Son günlerde patlayıveren cumhurbaşkanının görev süresinin beş mi yedi yıl mı olduğu tartışması aslında teknik bir ayrıntı: Yedi yıl için seçilmişse görevi bir daha yenilenemeyecek olan cumhurbaşkanı, süresi beş yılda bittiği taktirde bir kez daha aday olabilecek... Hepsi bu...

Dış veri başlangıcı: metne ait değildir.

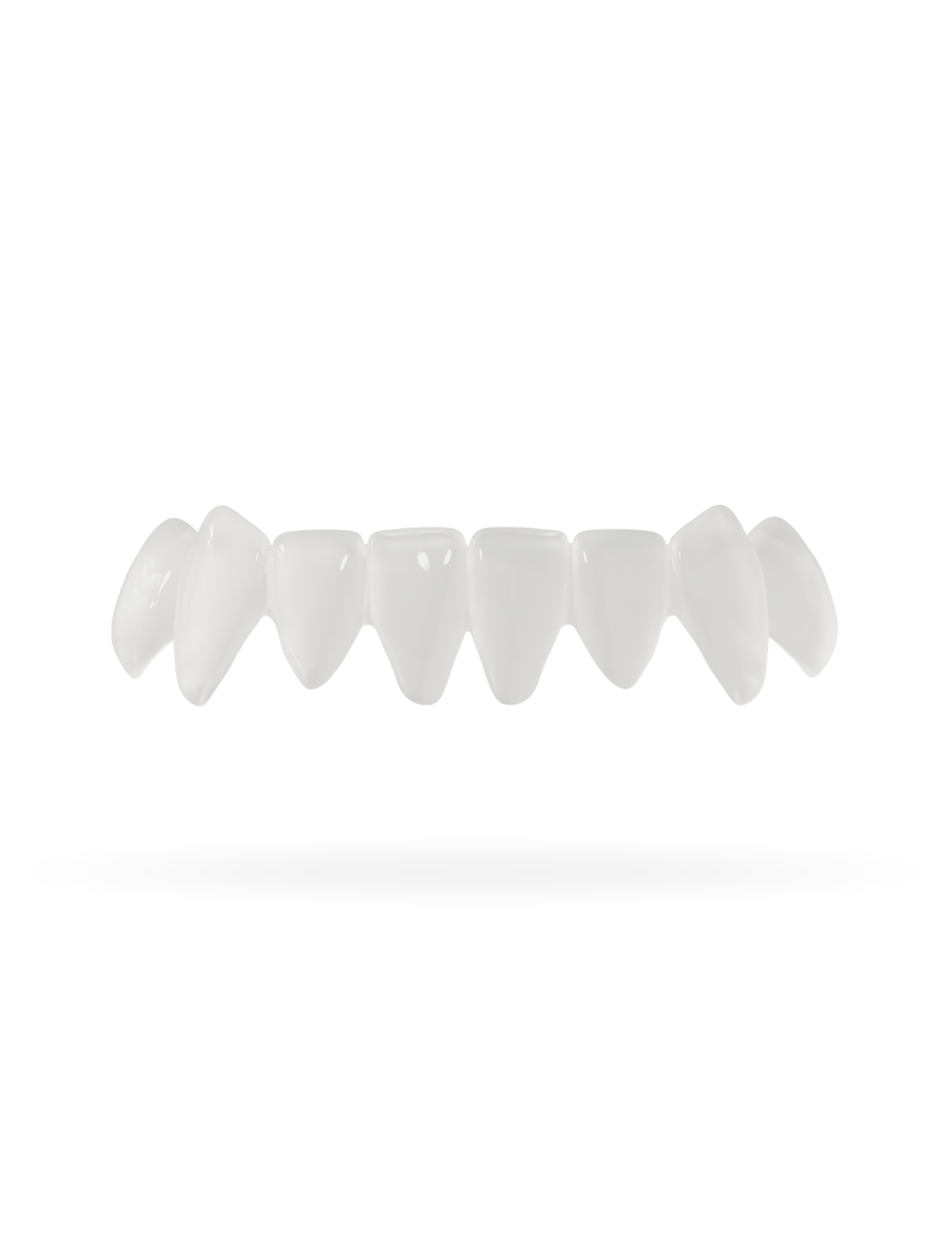 Tand-Veneer 3.0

CHP lideri Deniz Baykal'ın "Yedi yıl rejim sorunu yaratır" anlamına gelen açıklaması bu yüzden havada kalıyor. Cumhurbaşkanının süresi ile cumhurbaşkanının anayasal yetkileri arasında doğrudan bir ilinti yok; CHP lideri dikkatini o alanda yapılması gereken anayasa değişiklikleri için uyanık tutmalı.
Eğer bugün bu konuda bir muğlaklık yaşanıyorsa, bunun sebebi, büyük çapta CHP ve lideri Deniz Baykal'dır...

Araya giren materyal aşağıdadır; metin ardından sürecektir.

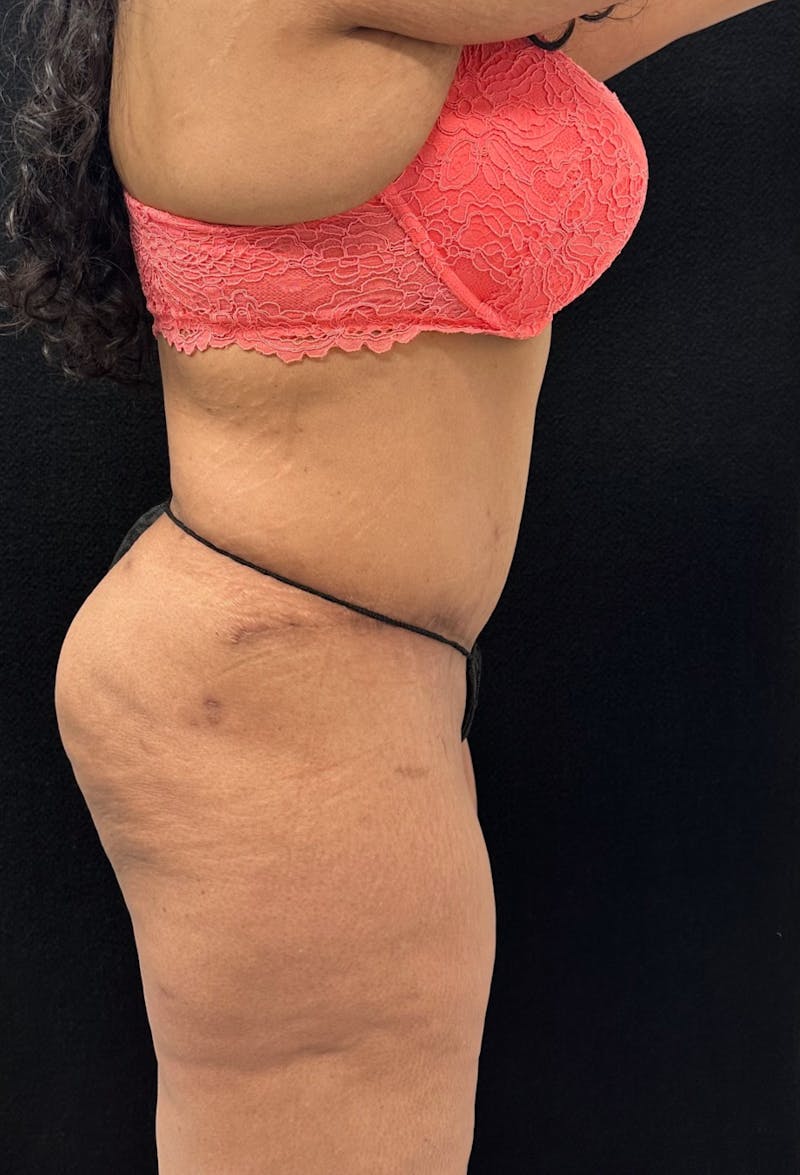 Abdominoplasty Before & After Gallery - Patient 181262 - Image 6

Ahmet Necdet Sezer'in cumhurbaşkanlığı süresi 2007 yılı mayıs ayında sona ermişti. Meclis'in yenisini seçmesini 367 oy şartını Anayasa Mahkemesi'ne götürerek engelledi CHP ve iktidar partisini bir daha aynı kargaşa yaşanmasın diye cumhurbaşkanı seçimi kurallarıyla oynamaya zorladı. Bundan sonraki ilk cumhurbaşkanı halkoyuyla ve beş yıllığına seçilecek, seçilen isterse bir kez daha seçilebilecek...
Yeni hukuki çerçevenin mimarı Ak Parti olabilir, ama Ak Parti'yi o noktaya sevk eden CHP'dir...
Şu andaki sorun Abdullah Gül'ün süresiyle ilgilidir. Genel seçimle tazelenmiş yeni Meclis tarafından 2007 ağustos ayında seçildiğinde, bu, yedi yıllık bir görevlendirme miydi, yoksa iki döneme uzanabilen beş yıl için mi seçilmişti Abdullah Gül?
Konuyla ilgili lüzumsuz unsurları temizlediğimiz taktirde sorunu çözmekte zorlanmayız: Abdullah Gül o zaman geçerli olan anayasa maddesi işletilerek Meclis tarafından cumhurbaşkanı seçilmişti; "Cumhurbaşkanı halkoylamasıyla seçilir" diyen anayasal düzenleme sonradan yapıldı. O maddeye göre, Meclis tarafından seçilen cumhurbaşkanları tek dönem için yedi yıllığına göreve getiriliyordu. Halkın seçeceği cumhurbaşkanları ise iki döneme uzayabilen beş yıllık dönemler için ve iki turlu seçimle seçilecek; anayasanın sonradan değiştirilen hükmü böyle söylüyor.
Abdullah Gül ister beş ister yedi yıllığına seçilmiş olsun; Deniz Baykal'ın söylediğinin tersine, süre konusunun rejimle uzaktan yakından herhangi bir ilişkisi yoktur.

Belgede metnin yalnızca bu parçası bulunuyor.